Comment by kerblang

2 months ago

Kafka is really not intended to improve on this. Instead, it's intended for very high-volume ETL processing, where a classical message queue delivering records would spend too much time on locking. Kafka is hot-rodding the message queue design and removing guard rails to get more messages thru faster.

Generally I say, "Message queues are for tasks, Kafka is for data." But in the latter case, if your data volume is not huge, a message queue for async ETL will do just fine and give better guarantees as FIFO goes.

In essence, Kafka is a very specialized version of much more general-purpose message queues, which should be your default starting point. It's similar to replacing a SQL RDBMS with some kind of special NoSQL system - if you need it, okay, but otherwise the general-purpose default is usually the better option.

2 comments

kerblang

CharlieDigital 2 months ago

Of course this is not the same as Kafka, but the comment I'm replying to:

    > Ah yes, and every consumer should just do this in a while (true) loop as producers write to it. Very efficient and simple with no possibility of lock contention or hot spots. Genius, really.
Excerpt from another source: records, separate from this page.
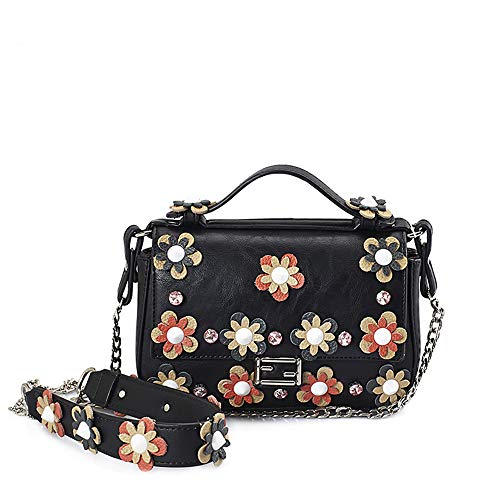WMA-Flor Bolsos De Dama Mini Bandolera Pequeña Bandolera Moda Personalidad Bolsa De Hombro,Black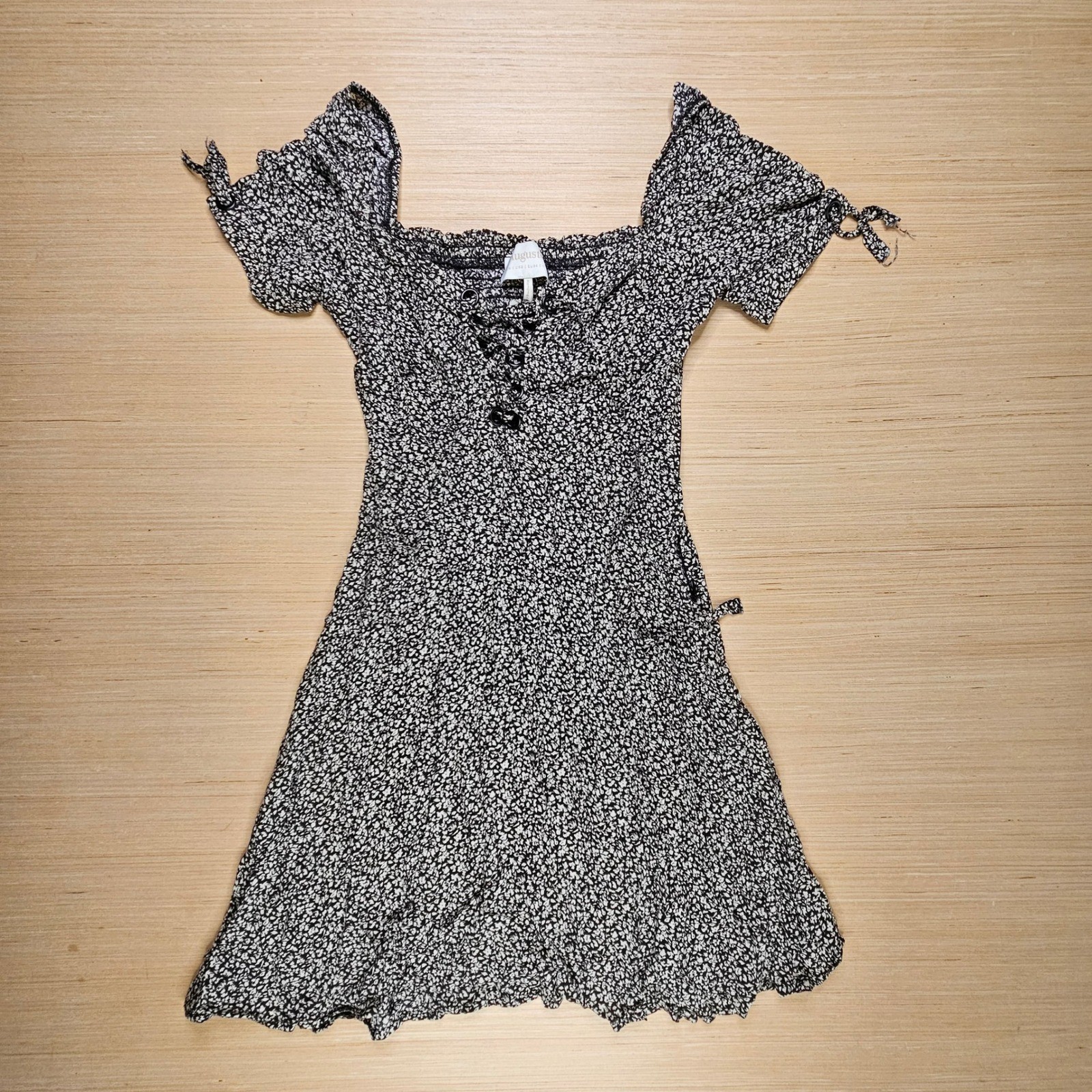 Cottagecore Auguste Mini Dress Women 2 Black Floral Lace Up Short Sleeve Boho
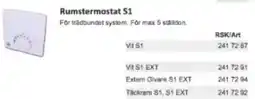 Rinkaby Rör Rumstermostat s1 erbjuda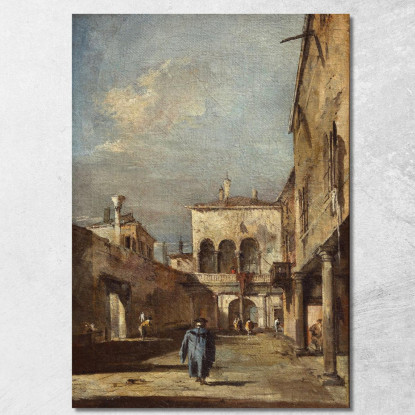 Fantasia Architettonica Con Un Cortile Francesco Guardi fgr7 quadro stampato su tela
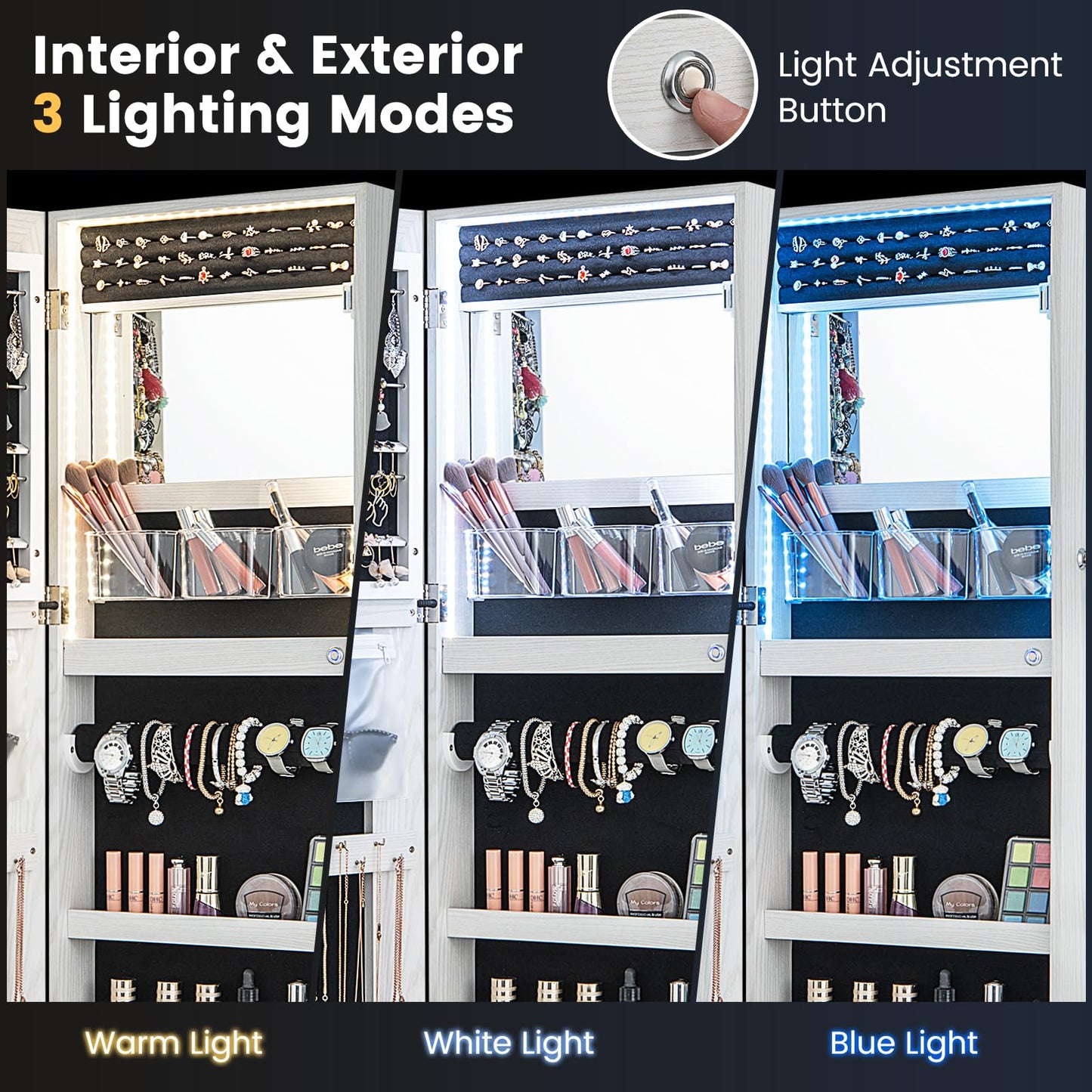 108cm Lockable Jewelry Mirror Cabinet with 3-Color LED Lights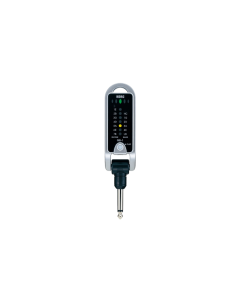 Korg Pitchjack Black plug-in guitar and bass tuner with foldable 1/4-inch jack, LED tuning display, and built-in flashlight for stage use.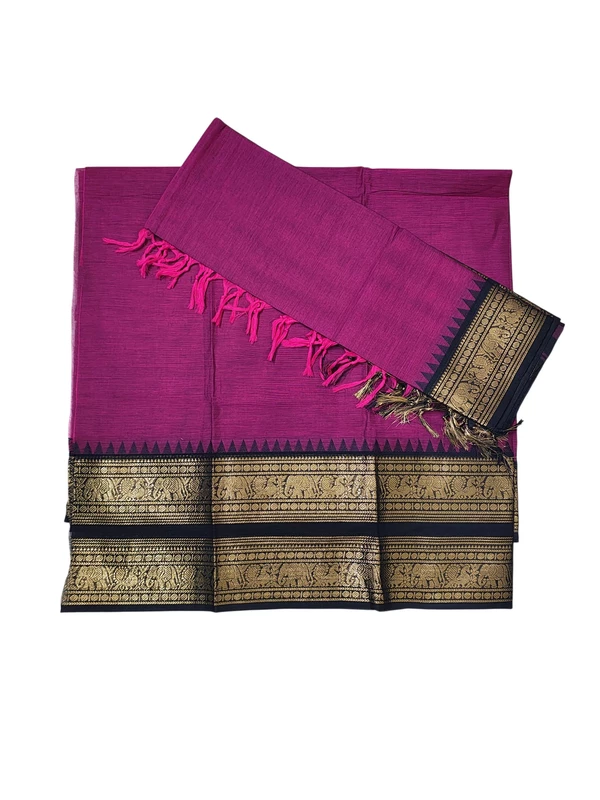 Dark Pink Mangalagiri Zari Border Cotton Kurta & Dupatta Set for Women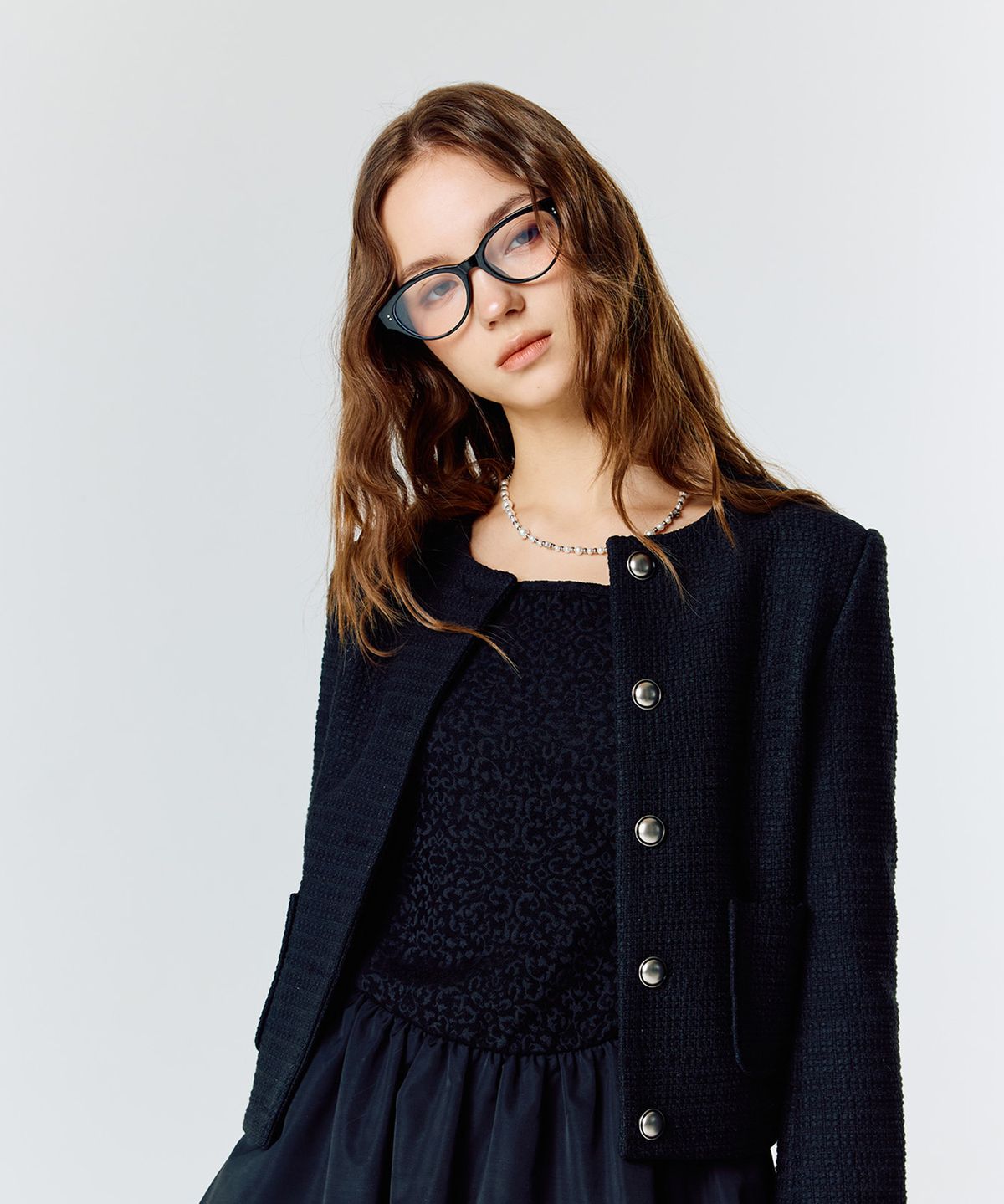 라티젠(LARTIGENT) L15 TWEED JACKET(BLACK)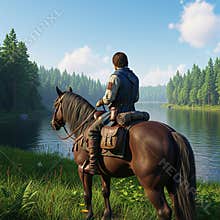 An AI generated image of a solitary medieval fantasy traveller riding a horse in forested wilderness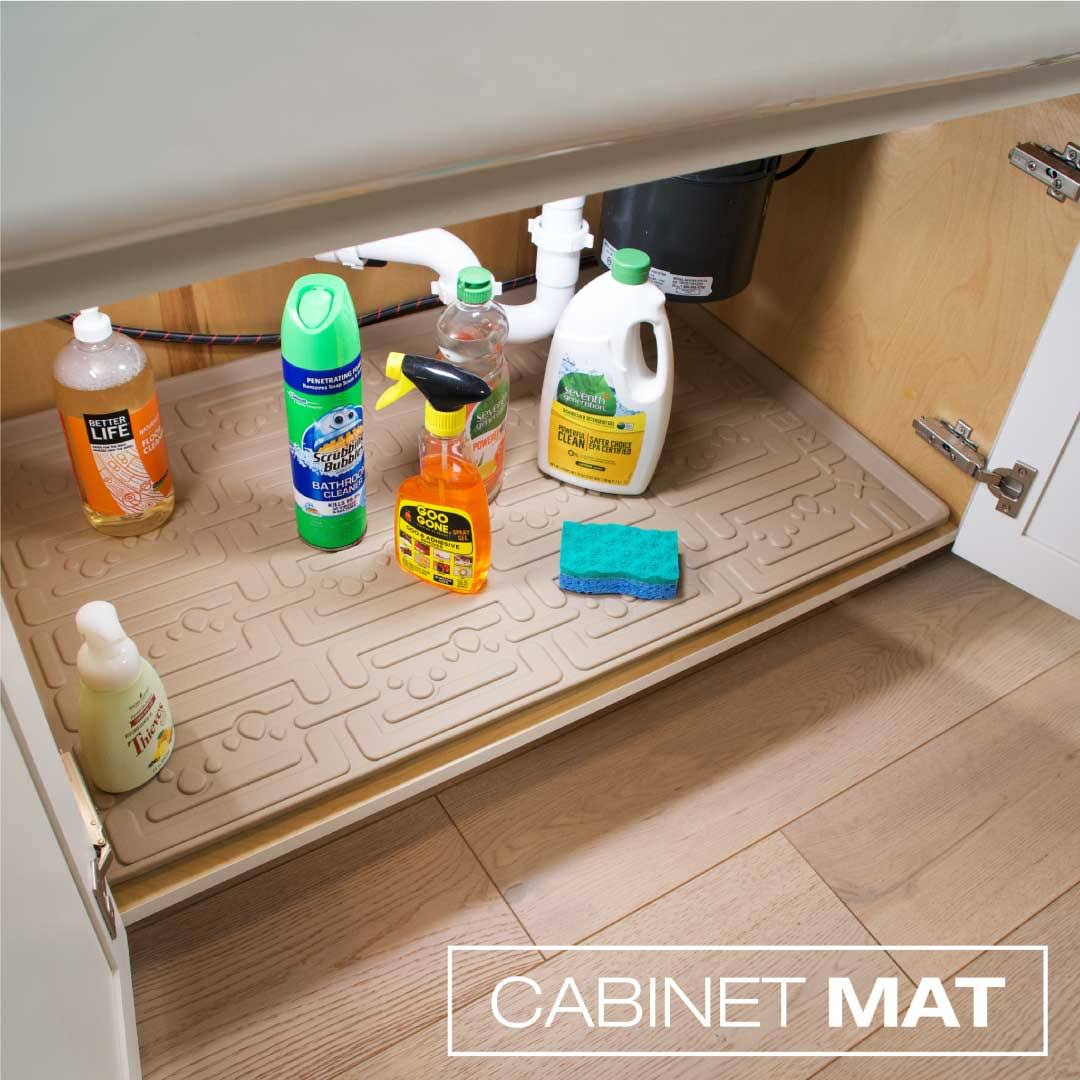 Under Sink Kitchen Cabinet Mat 37 x 22 inch Beige Q551105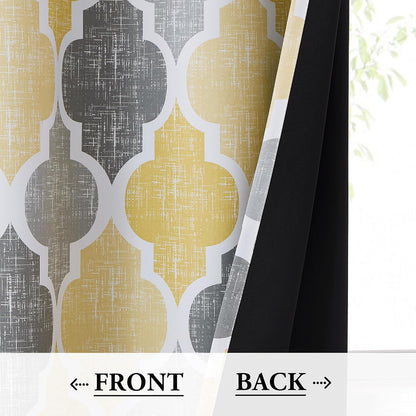 Beauoop 100% Blackout Curtains 84 Inches Long 2 Panels for Bedroom Living Room Yellow Grey Moroccan Geo Room Darkening Thermal Insulated Soundproof Grommet Top Window Treatments Drapes, 50x84 Set of 2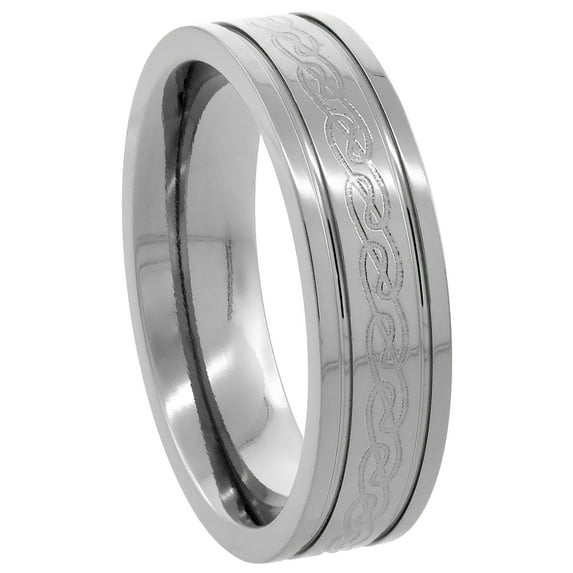 Titanium Flat Etched Celtic Knot Grooved Edges Wedding Band Ring 6mm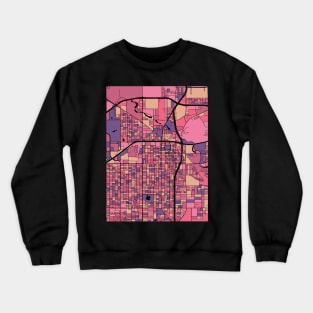 Lubbock Map Pattern in Purple & Pink Crewneck Sweatshirt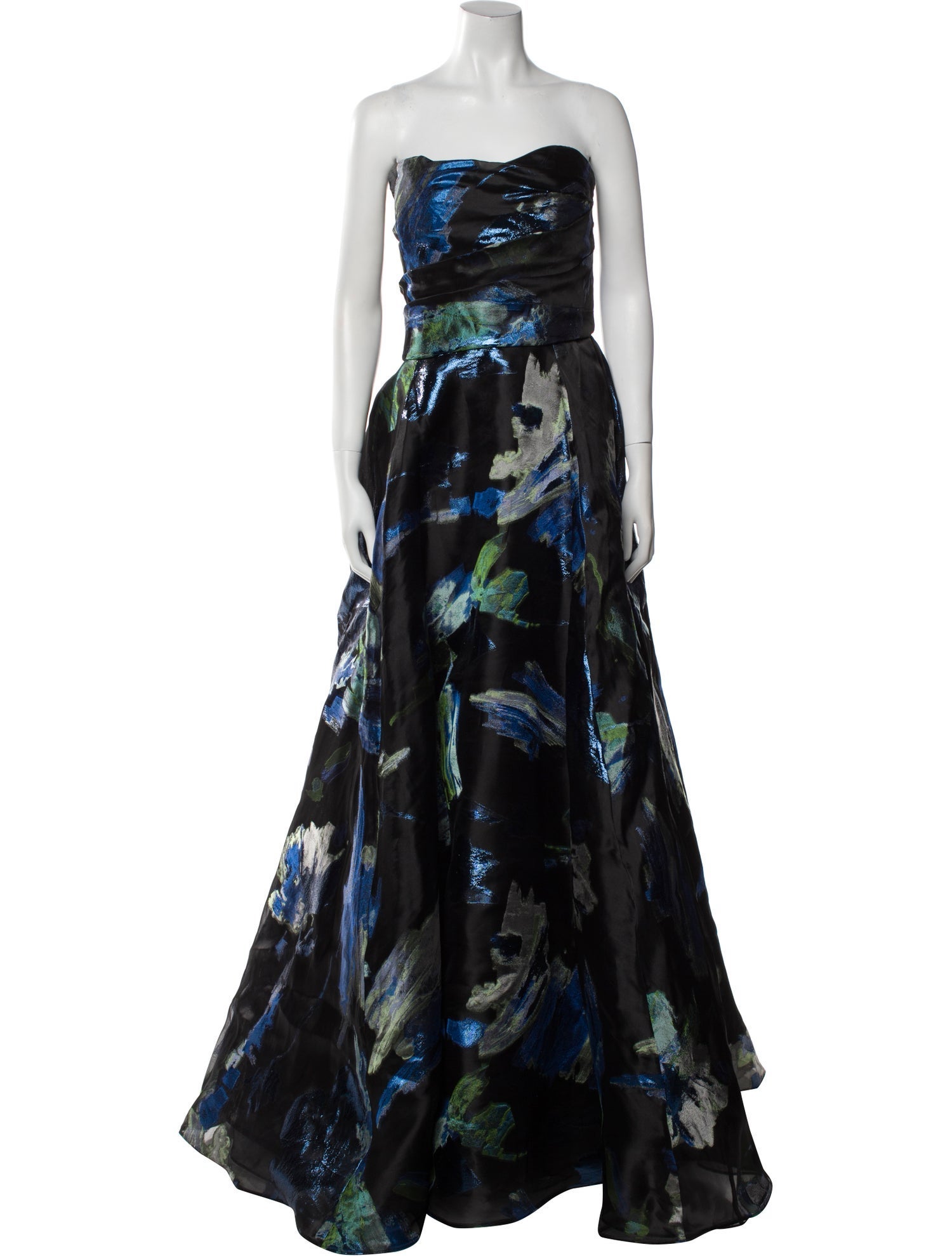 Amsale Printed Long Dress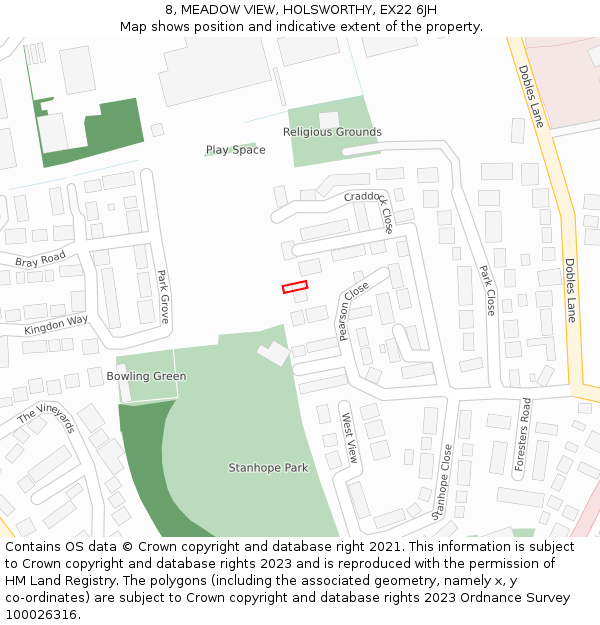8, MEADOW VIEW, HOLSWORTHY, EX22 6JH: Location map and indicative extent of plot
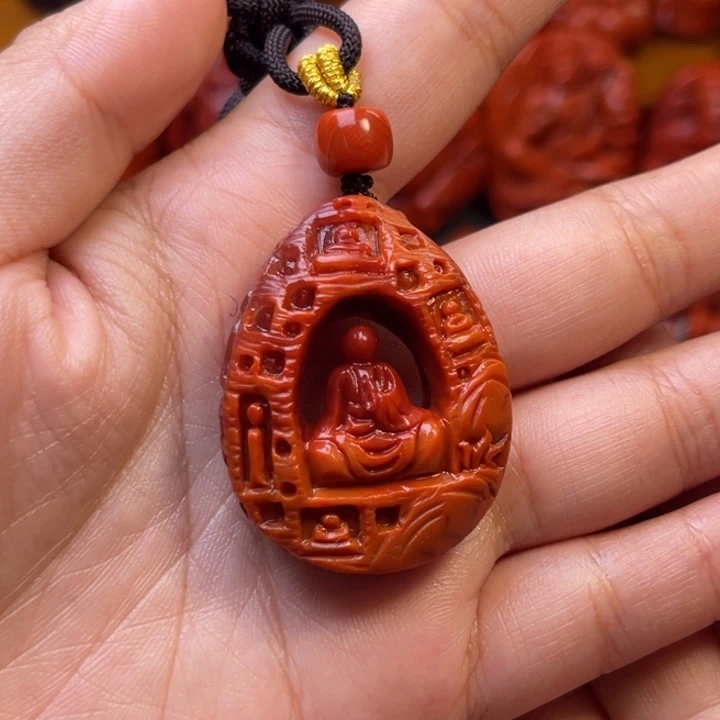 午***光南红玛瑙未镶嵌川料瓦西佛窟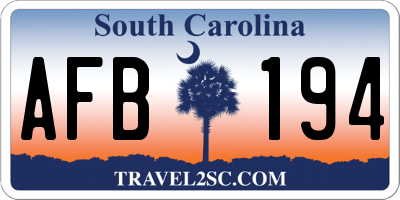 SC license plate AFB194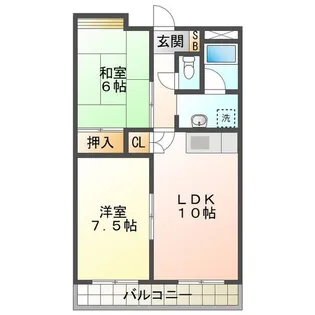 コート西浦マンション【5階】の間取り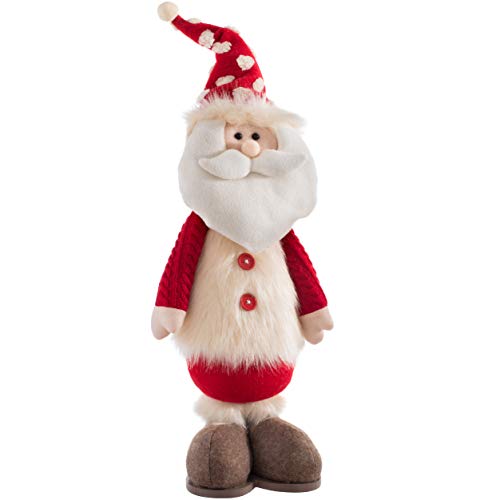 WeRChristmas Figura de Papá Noel de pie con Base de Madera, Multicolor, 46 cm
Seemed to imply that it's not possible to build a high performance pub/sub system using a simple SQL select. I do not think that is true and it is in fact fairly easy to build a high performance pub/sub system with a simple SQL select. Clearly, this design as proposed is not the same as Kafka.

alexjplant 2 months ago

No, I implied that implementing pub/sub with just a select statement is silly because it is. Your implementation accounts for the downfalls of this approach with smart design using a message queue and intelligent locking semantics. Parent of my comment was glib and included none of this.